United States District Court, S.D. California

January 15, 2020

MICHAEL PEMBERTON and SANDRA COLLINS PEMBERTON, individually and on behalf of others similarly situated, Plaintiffs,
v.
NATIONSTAR MORTGAGE, LLC, a Federal Savings Bank, Defendant.

          ORDER GRANTING MOTION FOR ATTORNEYS' FEES AND NAMED REPRESENTATIVE AWARD [ECF NO. 133]

          HON. CYNTHIA BASHANT JUDGE

         On December 16, 2019, Plaintiffs filed a Motion for Attorneys' Fees and Named Representative Award in connection with the class action settlement reached in this case. (ECF No. 133.) Plaintiffs request $700, 000 in attorneys' fees, with a waiver of all costs, and $10, 000 for each named Plaintiff. (Id.) Defendant does not oppose the request. However, two class members have objected to the amount being requested for the two named Plaintiffs. (ECF Nos. 137, 139.)

         The Court held a hearing on the issue on January 13, 2020. At the hearing, no objectors appeared.

         After reviewing the time sheets and considering the arguments of counsel both oral and written, the Court concludes that the request is reasonable and GRANTS Plaintiffs' Motion for Attorneys' Fees and Incentive Award. (ECF No. 133.)

         I. BACKGROUND

         Over five years ago, Plaintiffs' counsel filed this lawsuit on behalf of a class of Plaintiffs who had obtained an adjustable rate mortgage (“ARM”) loans that permitted them to defer payment of accrued interest. (See ECF No. 76, Second Amended Complaint (“SAC”).) Plaintiffs argued that the unpaid accrued interest that was added back to the principal balance (“negative amortization”) should have been included as interest in the Mortgage Interest Statement (“Form 1098”) that Nationstar provided to each class member. (See id.)

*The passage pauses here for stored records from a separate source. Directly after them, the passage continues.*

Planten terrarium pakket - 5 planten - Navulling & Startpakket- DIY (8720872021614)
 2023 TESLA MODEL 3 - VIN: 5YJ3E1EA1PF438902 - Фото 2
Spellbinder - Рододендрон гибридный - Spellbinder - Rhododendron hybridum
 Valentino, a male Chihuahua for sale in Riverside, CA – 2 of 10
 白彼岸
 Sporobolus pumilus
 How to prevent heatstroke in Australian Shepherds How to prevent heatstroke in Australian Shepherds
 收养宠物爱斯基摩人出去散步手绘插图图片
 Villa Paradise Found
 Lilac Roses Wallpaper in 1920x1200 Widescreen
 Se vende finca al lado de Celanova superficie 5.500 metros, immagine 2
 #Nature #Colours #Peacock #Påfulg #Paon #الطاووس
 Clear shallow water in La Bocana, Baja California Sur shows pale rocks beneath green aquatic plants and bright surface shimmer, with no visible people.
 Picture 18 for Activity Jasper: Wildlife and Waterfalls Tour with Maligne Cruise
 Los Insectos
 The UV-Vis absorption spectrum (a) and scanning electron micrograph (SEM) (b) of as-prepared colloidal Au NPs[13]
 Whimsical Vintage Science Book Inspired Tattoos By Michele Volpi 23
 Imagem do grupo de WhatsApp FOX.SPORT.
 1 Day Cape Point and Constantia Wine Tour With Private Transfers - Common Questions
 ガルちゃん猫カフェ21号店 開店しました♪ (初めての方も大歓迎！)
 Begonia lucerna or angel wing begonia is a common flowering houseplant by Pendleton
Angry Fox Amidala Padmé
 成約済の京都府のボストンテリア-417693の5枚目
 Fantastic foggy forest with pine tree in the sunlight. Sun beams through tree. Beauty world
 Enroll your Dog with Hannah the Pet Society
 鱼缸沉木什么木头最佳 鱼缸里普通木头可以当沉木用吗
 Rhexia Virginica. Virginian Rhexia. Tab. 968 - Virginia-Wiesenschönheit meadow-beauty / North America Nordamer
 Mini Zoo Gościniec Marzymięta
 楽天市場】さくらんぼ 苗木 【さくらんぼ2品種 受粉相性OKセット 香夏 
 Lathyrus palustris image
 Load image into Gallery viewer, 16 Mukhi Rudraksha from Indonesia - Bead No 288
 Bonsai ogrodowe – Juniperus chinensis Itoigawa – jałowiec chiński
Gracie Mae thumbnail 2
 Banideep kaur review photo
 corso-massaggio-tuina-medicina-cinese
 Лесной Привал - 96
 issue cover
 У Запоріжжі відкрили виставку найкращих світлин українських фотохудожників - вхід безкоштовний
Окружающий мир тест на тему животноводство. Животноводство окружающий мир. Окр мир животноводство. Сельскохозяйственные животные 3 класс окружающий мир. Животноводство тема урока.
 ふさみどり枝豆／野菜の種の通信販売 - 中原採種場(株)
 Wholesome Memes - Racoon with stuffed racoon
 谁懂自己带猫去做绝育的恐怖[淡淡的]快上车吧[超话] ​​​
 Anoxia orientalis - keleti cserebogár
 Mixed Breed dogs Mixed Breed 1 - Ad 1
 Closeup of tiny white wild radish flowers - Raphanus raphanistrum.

         The background and extensive pretrial history of this case has been detailed in the Court's Order Granting Plaintiffs' Motion to Certify Class and for Preliminary Approval of Settlement. (ECF No. 131.) Suffice it to say, class counsel has spent five long years litigating this case. The litigation included multiple motions to dismiss, briefing on motions to stay, extensive discovery and related disputes, attempts to get the IRS to respond to the Court's request for a directive, and mediation with both Judge Ronald Sabraw (Ret.) as well as Magistrate Judge Michael Berg.

         Eventually, counsel achieved their primary goal-to get Nationstar to change the way it reported interest on its Forms 1098. Plaintiffs' counsel now requests $700, 000 in attorneys' fees which is well below the lodestar proffered by counsel. The attorneys' fee amount will be paid by Nationstar outside of any settlement pool. Additionally, counsel indicates it will waive any request for reimbursement of costs.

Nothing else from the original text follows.